Short web captions
-------

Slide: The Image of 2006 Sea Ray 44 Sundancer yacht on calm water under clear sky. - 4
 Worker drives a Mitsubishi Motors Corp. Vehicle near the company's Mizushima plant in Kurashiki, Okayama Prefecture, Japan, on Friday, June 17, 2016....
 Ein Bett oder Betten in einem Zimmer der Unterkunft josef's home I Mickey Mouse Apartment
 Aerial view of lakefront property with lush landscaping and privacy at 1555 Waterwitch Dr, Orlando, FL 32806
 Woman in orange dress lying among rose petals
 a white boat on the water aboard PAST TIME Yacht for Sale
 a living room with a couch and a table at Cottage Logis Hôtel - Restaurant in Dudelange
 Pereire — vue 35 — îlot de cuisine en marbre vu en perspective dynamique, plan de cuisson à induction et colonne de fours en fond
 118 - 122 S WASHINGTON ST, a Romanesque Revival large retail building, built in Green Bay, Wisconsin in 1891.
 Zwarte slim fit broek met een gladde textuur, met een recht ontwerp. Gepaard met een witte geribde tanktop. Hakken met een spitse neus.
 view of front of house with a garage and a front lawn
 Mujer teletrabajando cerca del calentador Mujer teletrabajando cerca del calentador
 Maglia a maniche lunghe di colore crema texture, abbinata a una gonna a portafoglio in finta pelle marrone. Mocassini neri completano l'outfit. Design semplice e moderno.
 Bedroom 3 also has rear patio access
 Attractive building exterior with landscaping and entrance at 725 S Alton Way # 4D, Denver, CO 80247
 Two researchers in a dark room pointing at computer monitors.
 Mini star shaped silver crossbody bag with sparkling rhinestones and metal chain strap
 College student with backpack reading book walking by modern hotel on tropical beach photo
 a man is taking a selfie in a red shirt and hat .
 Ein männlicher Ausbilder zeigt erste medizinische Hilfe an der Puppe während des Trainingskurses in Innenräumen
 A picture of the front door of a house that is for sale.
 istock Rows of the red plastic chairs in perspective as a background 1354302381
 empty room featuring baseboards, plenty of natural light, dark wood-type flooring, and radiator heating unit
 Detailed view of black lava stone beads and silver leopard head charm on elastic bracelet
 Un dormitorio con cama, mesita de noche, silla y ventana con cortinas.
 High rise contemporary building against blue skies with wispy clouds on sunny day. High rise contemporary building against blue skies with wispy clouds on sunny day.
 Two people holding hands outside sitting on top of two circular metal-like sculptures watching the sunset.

-------

TASK DESCRIPTION:
Scan the entries above for the line containing "Zwarte slim fit", and copy it and all lines after it exactly, down to and including the line containing "Bedroom 3 also has rear patio access".

EXPECTED ANSWER:
 Zwarte slim fit broek met een gladde textuur, met een recht ontwerp. Gepaard met een witte geribde tanktop. Hakken met een spitse neus.
 view of front of house with a garage and a front lawn
 Mujer teletrabajando cerca del calentador Mujer teletrabajando cerca del calentador
 Maglia a maniche lunghe di colore crema texture, abbinata a una gonna a portafoglio in finta pelle marrone. Mocassini neri completano l'outfit. Design semplice e moderno.
 Bedroom 3 also has rear patio access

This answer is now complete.